Un Trump au mieux de sa forme qui a savouré dans son quartier général de New York sa victoire, devenue très vite un triomphe avec l’effacement de Cruz. Ce coup de théâtre sacre plus tôt que prévu le milliardaire champion républicain, mais laisse également des millions d’électeurs potentiels orphelins et désemparés. Ce sera le premier objectif de Trump : tenter d’unifier le parti républicain et, en même temps, persuader ceux qui ont suivi Cruz de voter pour lui, malgré la guérilla que les deux hommes se sont livrés, malgré d’implacables échanges verbaux, malgré les insultes et les attaques (« 60 000 pubs négatives », a précisé Trump, du jamais vu). Le second objectif consistera à convaincre les partisans de Bernie Sanders, le sénateur démocrate du Vermont, de sauter le pas, de franchir la barrière des partis et d’opter pour un autre adversaire de l’establishment, celui-là républicain. C’est à ce prix que Trump aurait de bonnes chances d’entrer à la Maison Blanche. Une stratégie à trois niveaux : élargir une solide base populiste avec les conservateurs de Cruz, isoler Hillary Clinton dans ses retranchements peuplés de minorités et d’ultra-libéraux, dépeindre les huit ans de Barack Obama comme le pire des cauchemars américains.

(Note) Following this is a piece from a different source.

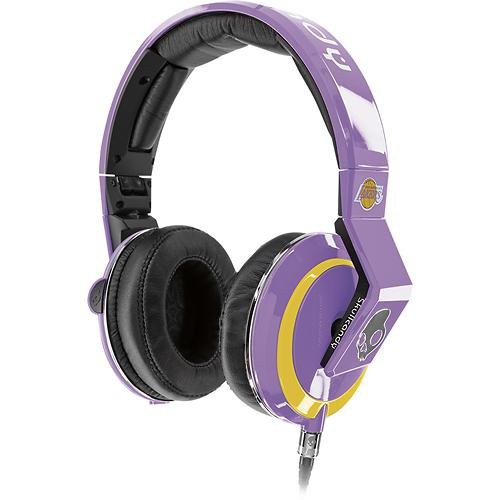 Skullcandy スカルキャンディー Mix Master Throw Back LA Lakers DJヘッドホン(ヘッドフォン)  ミックス｜au PAY マーケット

Déjà, Trump a annoncé que la dette nationale de 19 000 milliards de dollars était sur le point de basculer à 21 000 milliards. Dès demain, Trump va s’employer à rectifier son tir et sélectionner ses cibles. Il a un mois et demi d’avance sur le programme prévu car les primaires ne devaient se terminer qu’en juin. C’est un atout pour lui. En face, la vibrionnante Hillary n’a pas encore réussi à se débarrasser de Sanders – qui, pour la narguer, s’est même offert le luxe de remporter l’Indiana.